» YOUR TASK: Every picture is to be removed, and all the data is to be copied exactly.
[DATA BELOW]
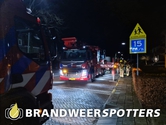 Schoorsteenbrand Norbartstraat in Made
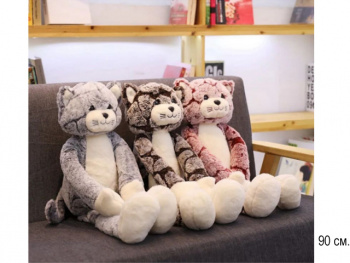 им Кот арт. 079-811 Длинные лапки 90 см 3 цвета в пак. им Кот арт. 079-811 Длинные лапки 90 см 3 цвета в пак.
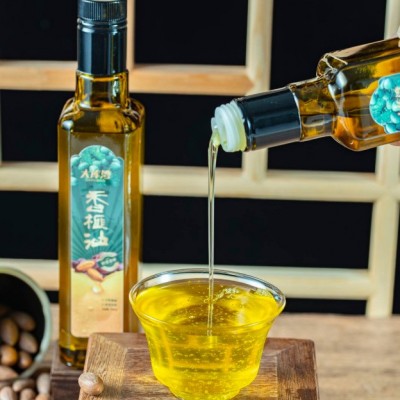 大库湾冷榨一级香榧油500毫升礼盒装香榧籽油Torreya Oil图4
[/DATA BELOW]
» FINISHED EXERCISE:
 Schoorsteenbrand Norbartstraat in Made
 им Кот арт. 079-811 Длинные лапки 90 см 3 цвета в пак. им Кот арт. 079-811 Длинные лапки 90 см 3 цвета в пак.
 大库湾冷榨一级香榧油500毫升礼盒装香榧籽油Torreya Oil图4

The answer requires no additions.